■ **WHAT YOU SHOULD DO**
Nothing but the records themselves, exactly as written and free of pictures, should appear in your response.

■ **RECORDS TO PROCESS**
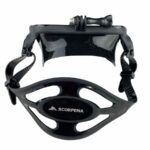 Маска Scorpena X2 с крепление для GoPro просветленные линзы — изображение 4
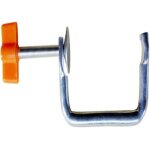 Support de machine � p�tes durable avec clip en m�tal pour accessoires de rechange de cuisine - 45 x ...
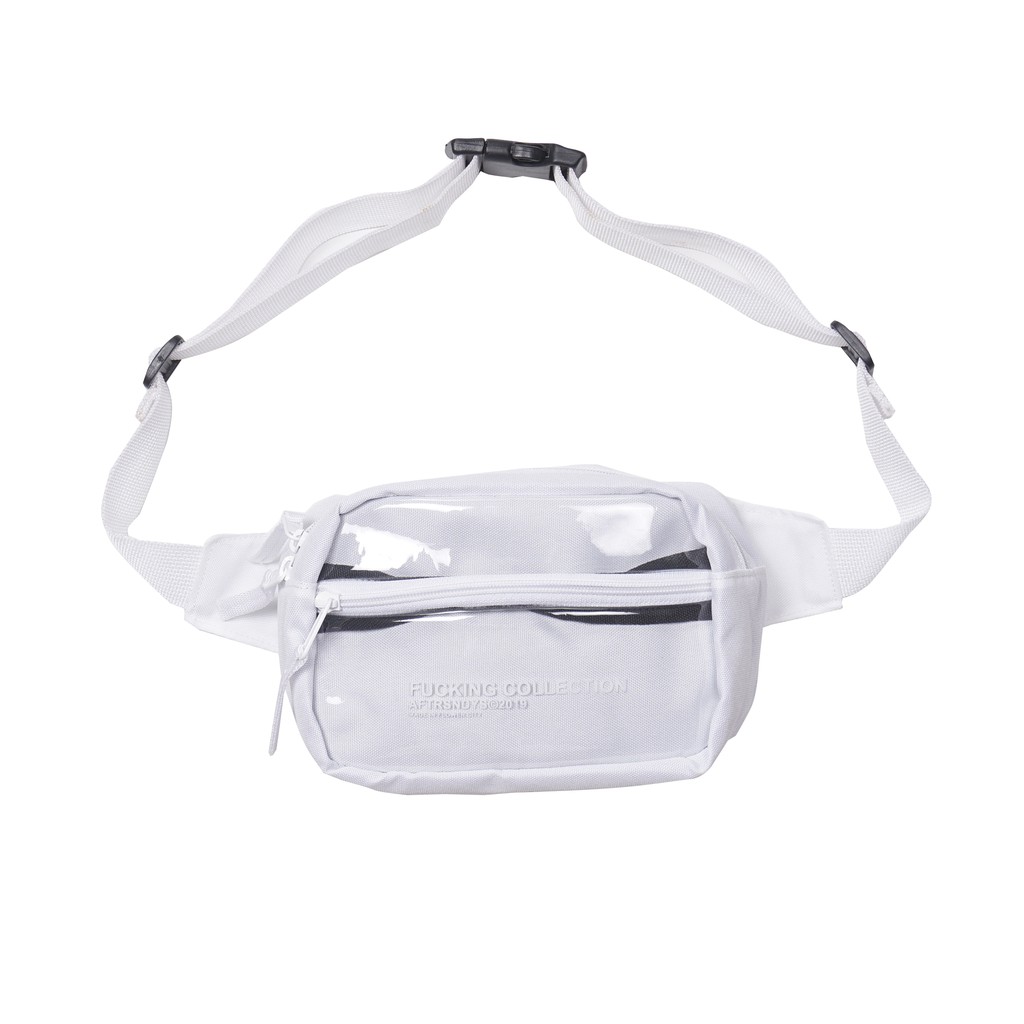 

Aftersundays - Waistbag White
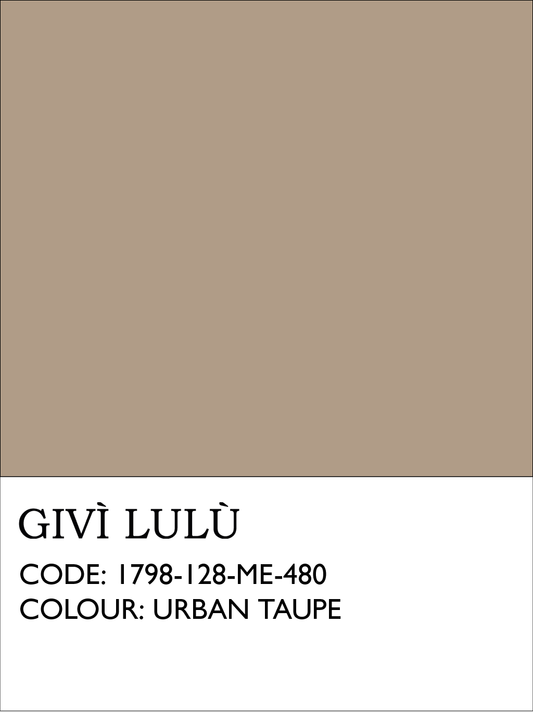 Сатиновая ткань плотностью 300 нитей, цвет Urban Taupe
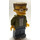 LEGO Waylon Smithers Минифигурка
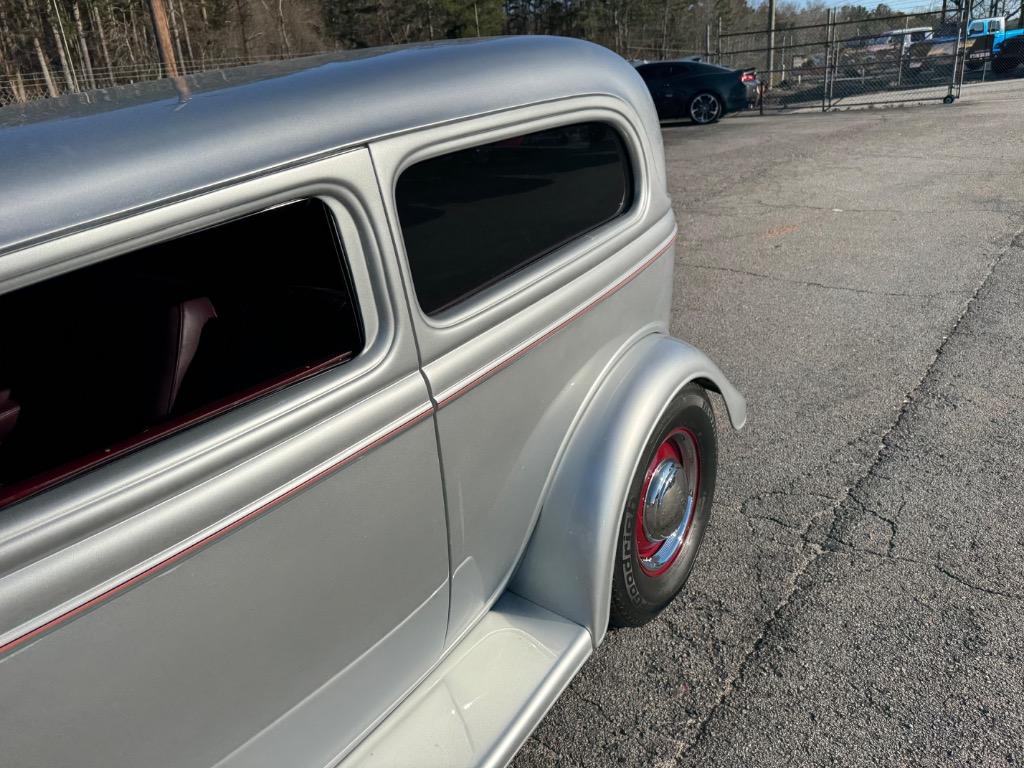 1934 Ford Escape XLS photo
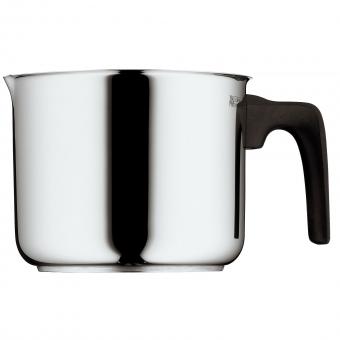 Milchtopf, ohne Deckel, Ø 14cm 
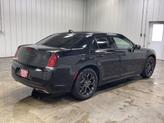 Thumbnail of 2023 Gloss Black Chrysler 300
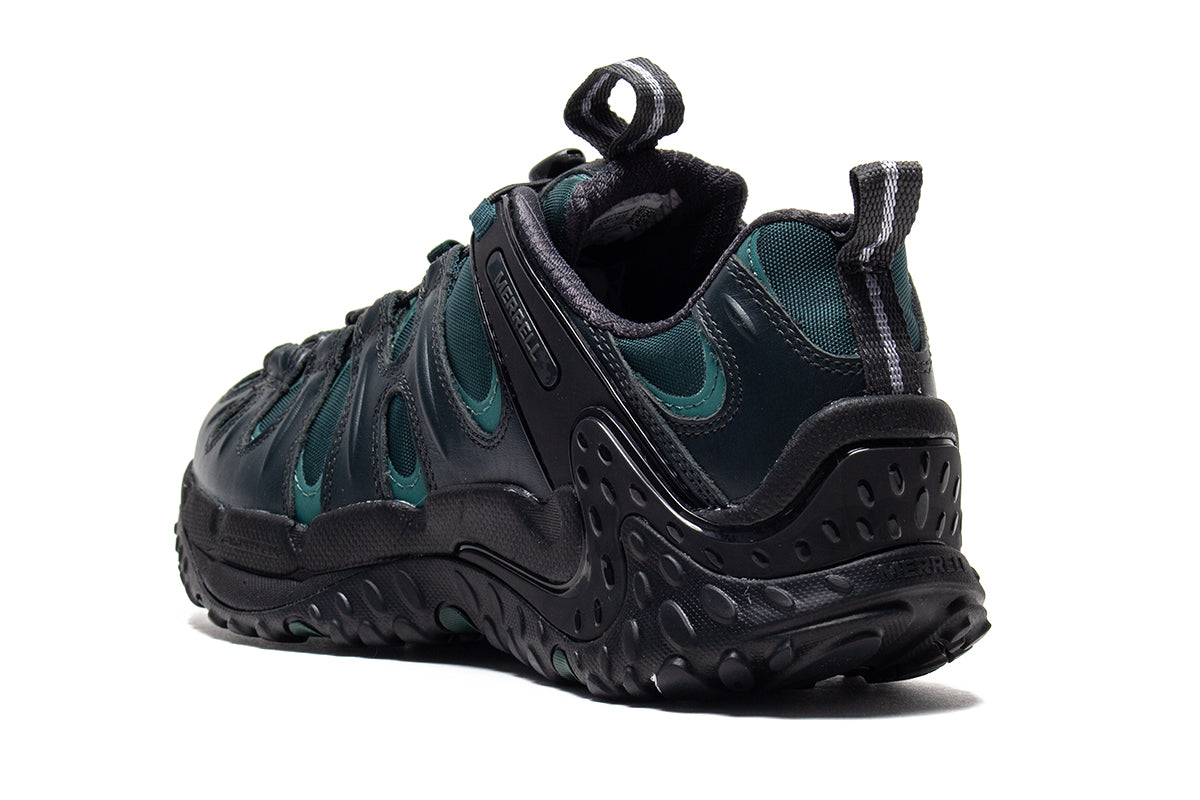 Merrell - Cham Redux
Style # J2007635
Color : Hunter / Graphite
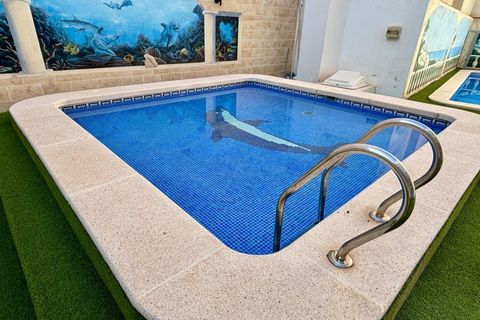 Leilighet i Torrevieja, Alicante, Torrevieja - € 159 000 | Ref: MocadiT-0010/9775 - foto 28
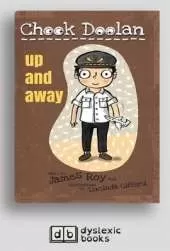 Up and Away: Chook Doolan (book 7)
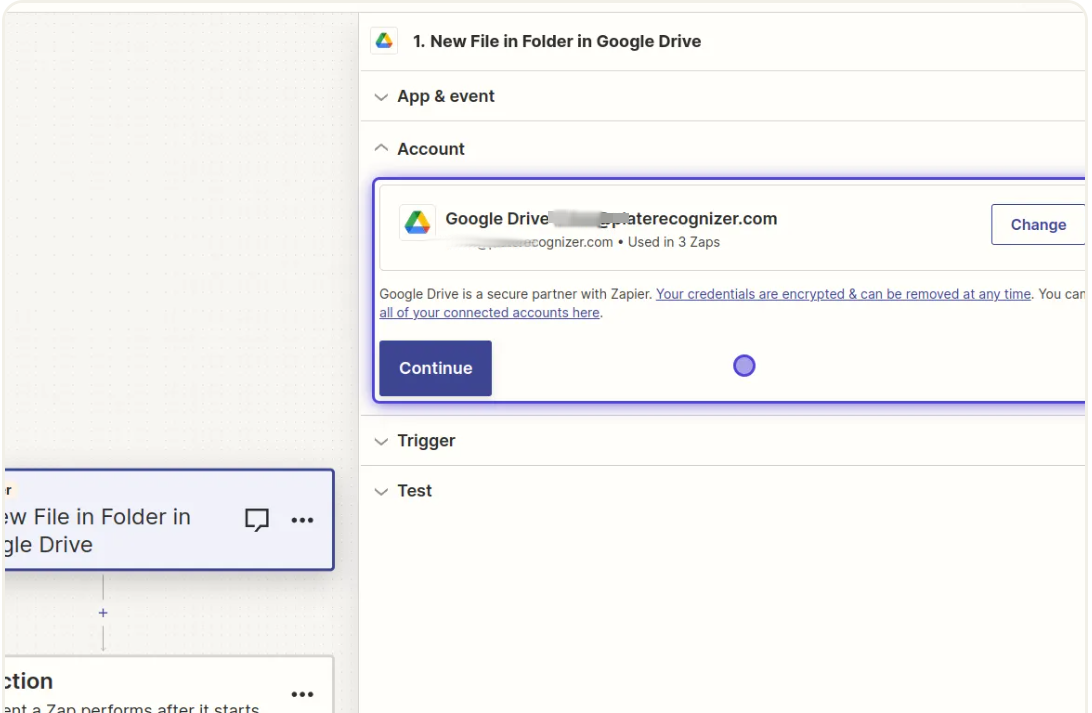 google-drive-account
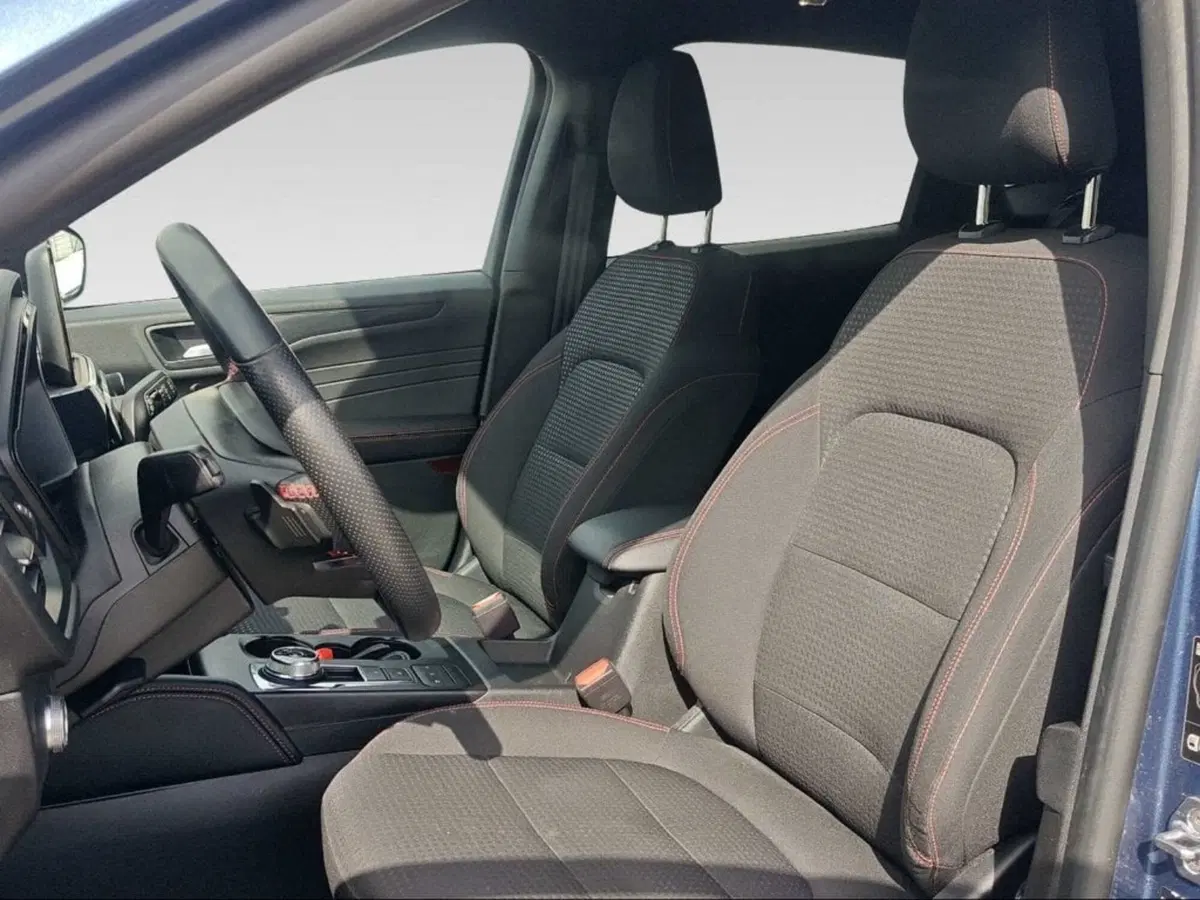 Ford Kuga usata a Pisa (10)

■ **SOLUTION**
 Маска Scorpena X2 с крепление для GoPro просветленные линзы — изображение 4
 Support de machine � p�tes durable avec clip en m�tal pour accessoires de rechange de cuisine - 45 x ...

Aftersundays - Waistbag White
 Сатиновая ткань плотностью 300 нитей, цвет Urban Taupe
 LEGO Waylon Smithers Минифигурка
 1934 Ford Escape XLS photo
 Milchtopf, ohne Deckel, Ø 14cm 
 Thumbnail of 2023 Gloss Black Chrysler 300
 Merrell - Cham Redux
Style # J2007635
Color : Hunter / Graphite
 Leilighet i Torrevieja, Alicante, Torrevieja - € 159 000 | Ref: MocadiT-0010/9775 - foto 28
 Up and Away: Chook Doolan (book 7)
 google-drive-account
 Ford Kuga usata a Pisa (10)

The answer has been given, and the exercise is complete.